Gander Jennifer C, Sui Xuemei, Hébert James R, Lavie Carl J, Hazlett Linda J, Cai Bo, Blair Steven N
Department of Surgery, Emory University School of Medicine, Atlanta, GA, United States.
Department of Exercise Science, Arnold School of Public Health, University of South Carolina, Columbia, SC, United States.
Prev Med Rep. 2017 May 18;7:30-37. doi: 10.1016/j.pmedr.2017.05.008. eCollection 2017 Sep.
The Framingham Risk Score (FRS) was developed to quantify a patient's coronary heart disease (CHD) risk. Non-exercise estimated CRF (e-CRF) may provide a clinically practical method for describing cardiorespiratory fitness.
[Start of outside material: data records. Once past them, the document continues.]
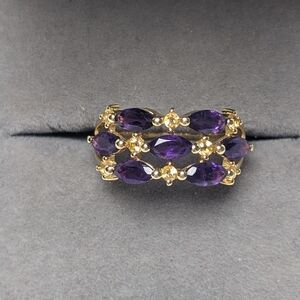 Sterling Silver Gold Plated Amethyst & Citrine Ring 1.85ct Womens Size 7.5
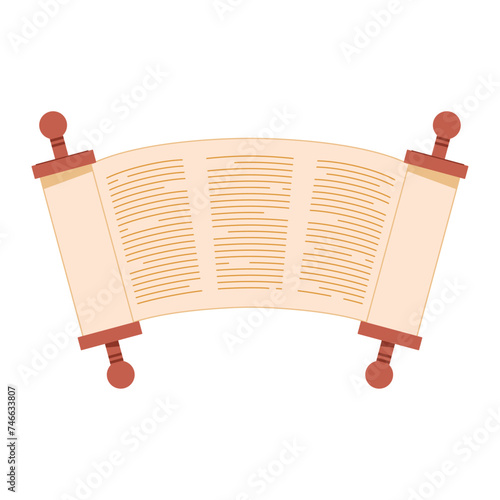 Vector Parchment Jewish Torah Scroll Cartoon Illustration Isolated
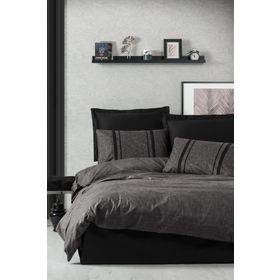 Cotton Box Plain Bitter Antrasit Siyah Çift Kişilik Nevresim Takım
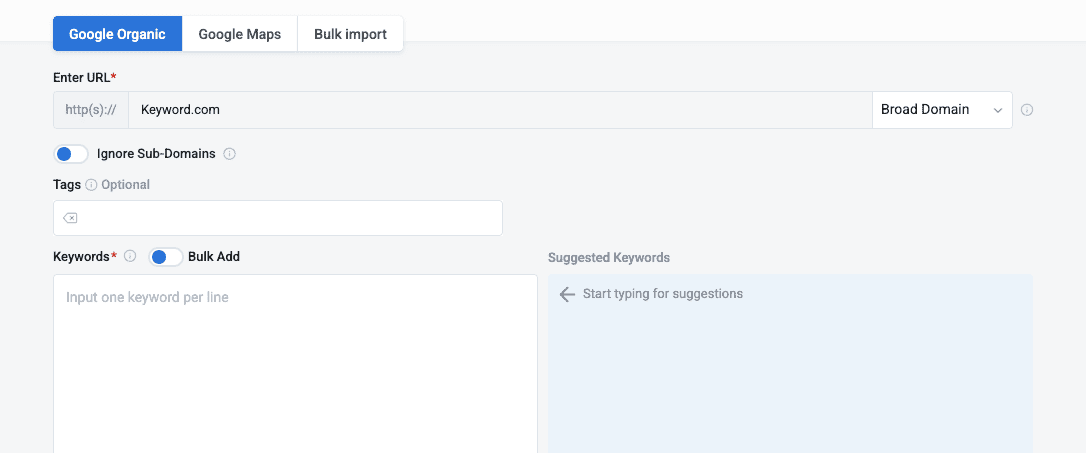 screenshot showing how to create a project, enter a domain, and select keywords on keyword.com.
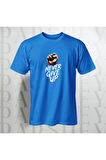 Erkek - Kadın Never Give Up Baskılı Unisex Yarım Kollu Bisiklet Yaka %100 Pamuk Oversize T-shirt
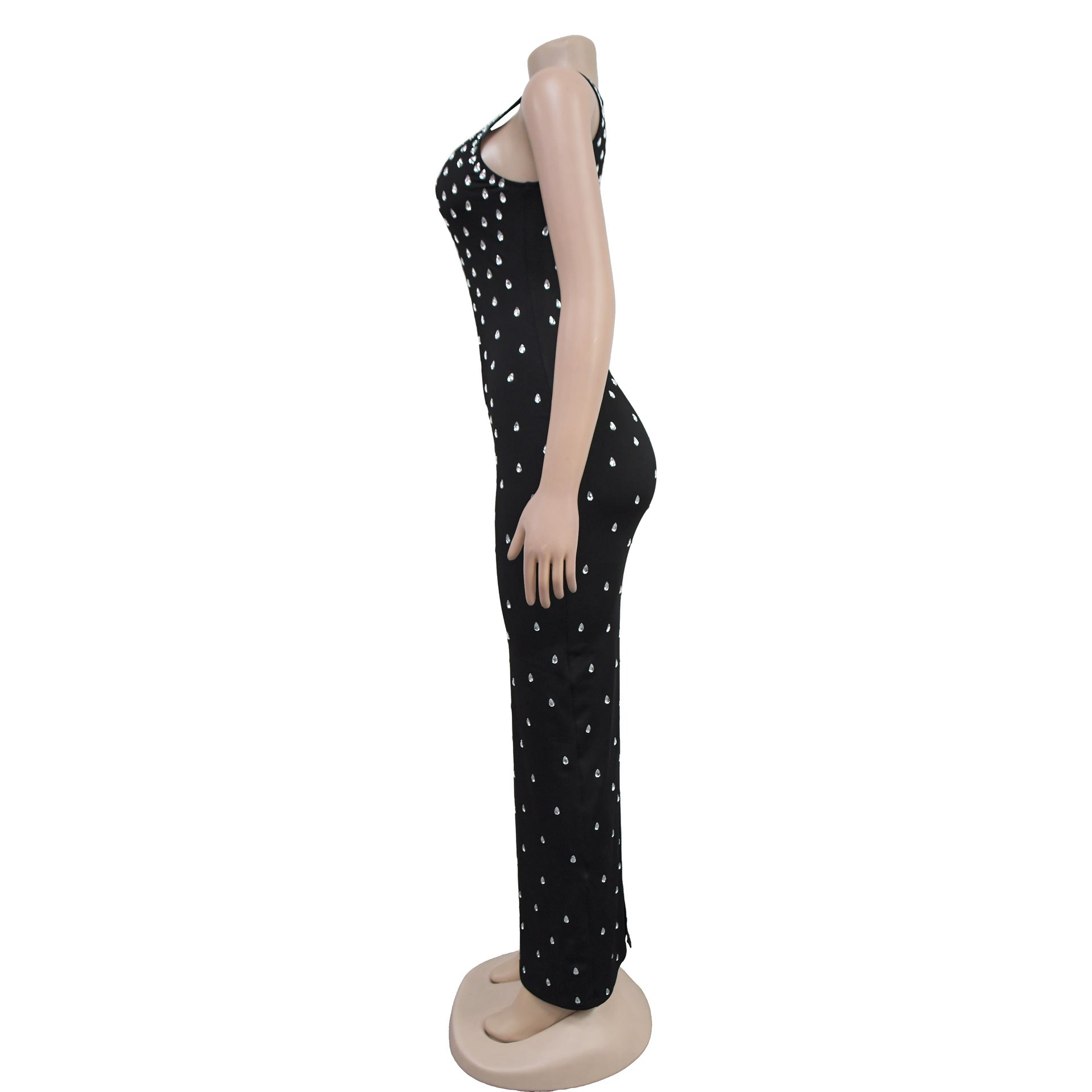 Rhinestone U-Neck Sleeveless Hip Dress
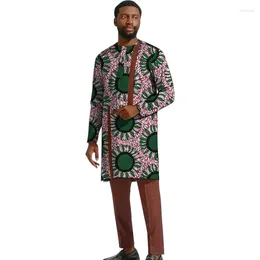 Men's Tracksuits Brown Cotton Long Sleeves Sets Patchwork Shirt Solid Pant Male Nigerian Fashion Outfits African Wedding Party Wear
We computed e-CRF and tested its association with the FRS and CHD. Male participants (n = 29,854) in the Aerobics Center Longitudinal Study (ACLS) who completed a baseline examination between 1979-2002 were followed for 12 years to determine incident CHD defined by self-report of myocardial infarction, revascularization, or CHD mortality. e-CRF was defined from a 7-item scale and categorized using age-specific tertiles. Multivariable survival analysis determined associations between FRS, e-CRF, and CHD. Interaction between e-CRF and FRS was tested by stratified analysis by 'low' and 'moderate or high' 10-year CHD risk. Men with high e-CRF were significantly (p-value < 0.0001) younger, and less likely to be smokers, compared to men with low e-CRF. Multivariable survival analysis reported men with high e-CRF were 29% (HR = 0.71; 95% 0.56, 0.88) less likely to experience a CHD event compared to men with low e-CRF. Stratified analyses showed men with 'low' 10-year FRS predicted CHD risk and high e-CRF had a 28% (HR = 0.72; 95% CI 0.57, 0.91) lower CHD-mortality risk compared to men with low e-CRF, no association was found in this group and men with moderate e-CRF. Men who were more fit had a decreased risk for CHD compared to men in the lowest third of fitness. Estimated CRF may add clinical value to the FRS and help clinicians better predict long-term CHD risk.
弗雷明汉风险评分(FRS)旨在量化患者患冠心病(CHD)的风险。非运动估计心肺适能(e-CRF)可为描述心肺健康状况提供一种临床实用方法。我们计算了e-CRF,并测试了其与FRS及CHD的关联。对有氧运动中心纵向研究(ACLS)中1979年至2002年间完成基线检查的男性参与者(n = 29,854)进行了12年的随访,以确定由心肌梗死、血运重建或CHD死亡率的自我报告所定义的CHD发病情况。e-CRF由一个7项量表定义,并按年龄特异性三分位数进行分类。多变量生存分析确定了FRS、e-CRF与CHD之间的关联。通过按10年CHD低风险和中高风险进行分层分析,测试了e-CRF与FRS之间的相互作用。与低e-CRF的男性相比,高e-CRF的男性明显更年轻(p值<0.0001),且吸烟的可能性更小。多变量生存分析报告称,与低e-CRF的男性相比,高e-CRF 的男性发生CHD事件的可能性低29%(风险比=0.71;95%置信区间0.56,0.88)。分层分析显示,10年FRS低的男性预测有CHD风险,与低e-CRF的男性相比,高e-CRF的男性CHD死亡率风险低28%(风险比=0.72;95%置信区间0.57,0.91),在该组以及中e-CRF的男性中未发现关联。与处于最低三分位健康水平的男性相比,健康状况更好的男性患CHD的风险降低。估计的CRF可能会为FRS增加临床价值,并帮助临床医生更好地预测CHD的长期风险。